On 22 Apr 2015 1:54 am, "Richard Smith" <richard at metafoo.co.uk> wrote:
>
> On Tue, Apr 21, 2015 at 5:34 PM, Renato Golin <renato.golin at linaro.org>
wrote:
>>
>> On 21 April 2015 at 17:06, Reid Kleckner <rnk at google.com> wrote:
>> > Is "ABI alignment" just the alignment of an i64 as specified in
DataLayout,
>> > or is it something else? Maybe we are computing that alignment
incorrectly,
>> > and the alignment of an i40 should be 4.
>>
>> Alignment of bitfields in ARM depends on the alignment of the declared
>> type. In this case, int, or 4 bytes. What happened in this example is
>> that there are more bits than 32, but the ABI states that you must use
>> containers aligned to the declared type, so even if you use more than
>> 32 bits, you still need to align to 4 bytes. This essentially means
>> that you just keep using 4-byte integer containers until all bits fit
>> inside.
>>
>> Since i40 doesn't exist in any target, LLVM does the obvious thing and
>> promotes it to i64, but again, on ARM, long long (which is what i64
>> means) aligns to 8 bytes, then you have the conflict.

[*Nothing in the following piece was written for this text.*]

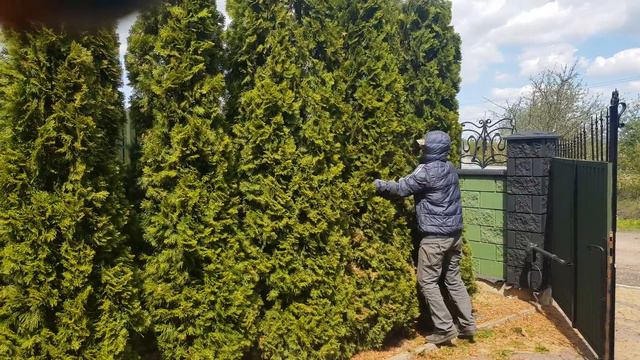 #Живопліт#Ландшафтнийдизайн#mariogardens#підготування до стрижки #0️⃣9️⃣8️⃣8️⃣8️⃣2️⃣8️⃣8️⃣1️⃣8️⃣ смотреть онлайн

I cannot imagine
>> a pass in LLVM that would see an i40 and split it into i32+i8 and
>> convert to { i32, i32 } just because it used to be a bitfield. Too
>> many things can go wrong, including alignment.
>>
>>
>> > Alternatively, we could have Clang slap 'align 4' on the global and
call it
>> > fixed.
>>
>> Would LLVM understand that correctly?
>
>
> Why wouldn't it? It looks like the problem is shallow: we happen to emit
a global in such a way that LLVM thinks it should be 8 byte aligned and
Clang wanted it to be 4 byte aligned. If the alignment inferred from the
type isn't the one we wanted, emitting an explicit alignment is exactly the
right thing to do.
>
>>
>> Would the ARM backend interpret
>> that correctly and "realise" it's supposed to extend only the extra i8
>> to an i32? Would that work on other backends? Or would it be better to
>>
>> let Clang, which knows about the ARM ABI, to emit { i32, i32 }?
>
>
> The type we use for a global variable, beyond the size and implied
alignment, is not supposed to matter. If some backend is using the type of
a global variable for something ABI-relevant, we have a problem (we assume
that we can change the type on a whim, for instance to make it match the
type of a constant initializer).

The type does matter, for instance, on a big vs little endian issue, as to
where the final bits will end up. Literal i40 may work for big endian, but
has to be converted to i32 + i32 for little endian.